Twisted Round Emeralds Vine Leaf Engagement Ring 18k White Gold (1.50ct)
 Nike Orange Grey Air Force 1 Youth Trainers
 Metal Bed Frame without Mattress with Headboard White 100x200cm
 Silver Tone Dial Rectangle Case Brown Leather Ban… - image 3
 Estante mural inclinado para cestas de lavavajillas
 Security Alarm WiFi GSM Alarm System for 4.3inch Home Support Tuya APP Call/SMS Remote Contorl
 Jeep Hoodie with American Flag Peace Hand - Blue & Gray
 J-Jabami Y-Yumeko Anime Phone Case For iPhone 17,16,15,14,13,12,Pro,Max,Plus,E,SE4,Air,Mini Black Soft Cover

TASK STATEMENT -> No line before the one containing "Security Alarm WiFi" should be copied; restate that line and all the rest through the end of the data above word for word.

OUTPUT ->
 Security Alarm WiFi GSM Alarm System for 4.3inch Home Support Tuya APP Call/SMS Remote Contorl
 Jeep Hoodie with American Flag Peace Hand - Blue & Gray
 J-Jabami Y-Yumeko Anime Phone Case For iPhone 17,16,15,14,13,12,Pro,Max,Plus,E,SE4,Air,Mini Black Soft Cover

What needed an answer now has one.